Have you read “The Bones of Paradise” by Jonis Agee? What did you think of it? Every year Nebraskans are encouraged to read a specific book to facilitate a common topic of discussion. We are fortunate enough to have this year’s author visit the Lied Scottsbluff Public Library Aug. 25 at 1:30 p.m. to share in our community discussion. Everyone is welcome to come listen to Agee speak.

Jonis Agee’s book “The Bones of Paradise” was chosen as the 2022 One Book One Nebraska selection. Agee is the Adele Hall Chair of English at the University of Nebraska at Lincoln and has written several books. Her works include fiction, nonfiction, poetry and short stories. Agee received the Nebraska Book Award twice and authored three different titles honored as a New York Times Notable Book of the Year.

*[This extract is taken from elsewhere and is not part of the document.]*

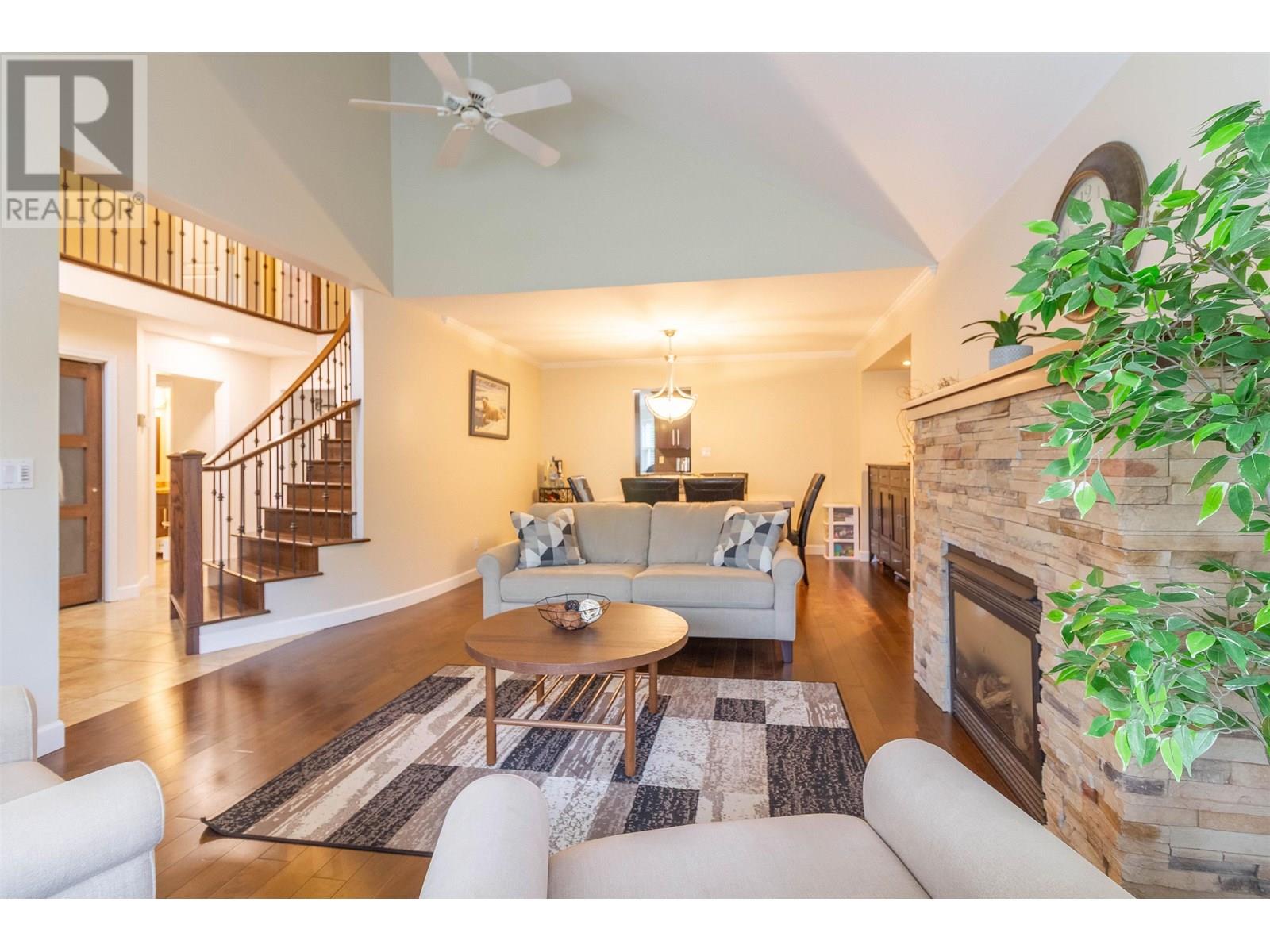 1872 WALNUT CRESCENT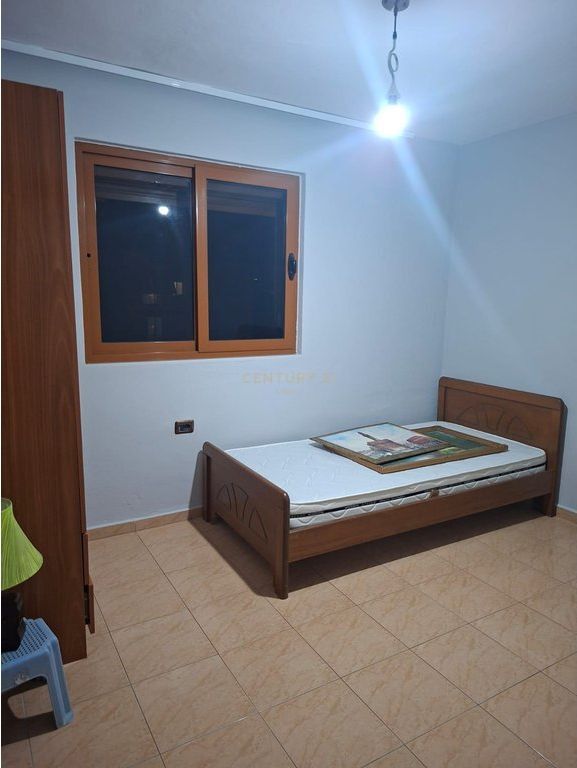 Apartament 3+1 per qira , Prane Shkolles "Osman Myderizi"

“The Bones of Paradise” begins with two murders, which don’t seem to be connected. As the story continues, it moves in and out of the present day at the family’s ranch in the 1900s through recent history at 1890 Wounded Knee. It also delves into some of the characters’ pasts. The main characters in “The Bones of Paradise” are complex and sometimes make choices that readers may find confounding.

The timeline moves through various characters and a number of storylines. This style of writing is necessary to reveal the backstory so the reader can fully understand the current events. The characters include ranchers and ranch hands as well as some Lakota folks. The plot hinges on how they all came to be in the story.

Agee teaches creative writing, and it comes through in her books. Her writing is descriptive and more literary than plot-driven.

“She stooped to pick a wild pink rose, avoiding the tiny spines that slivered like unseen glass hairs onto one’s fingers. There was little scent, but the creamy softness of the petals like the insides of a dog’s ear more than made up for it. She placed one on her tongue, and imagined she could taste the hills, the bittersweet tang of life.”

Agee’s specialties are lyrical description and a firm sense of place. This book takes place in the sandhills, somewhere south of Valentine, Nebraska. She has a knack for vivid description.

“To the right was a vast blue lake, the surrounding marsh alive with birds feeding and mating. The air bore the moist scent of water, so blue it put the distant white-blue sky to shame. She shaded her eyes to stare at the lake where pelicans floated peacefully. Nearby a pair of swans stretched their long necks searching the waters for food, and farther on, ducks dove and flapped, green necks glistening in the sun.”

At the heart of this lyrical book is a mystery, but western fans might enjoy it as well.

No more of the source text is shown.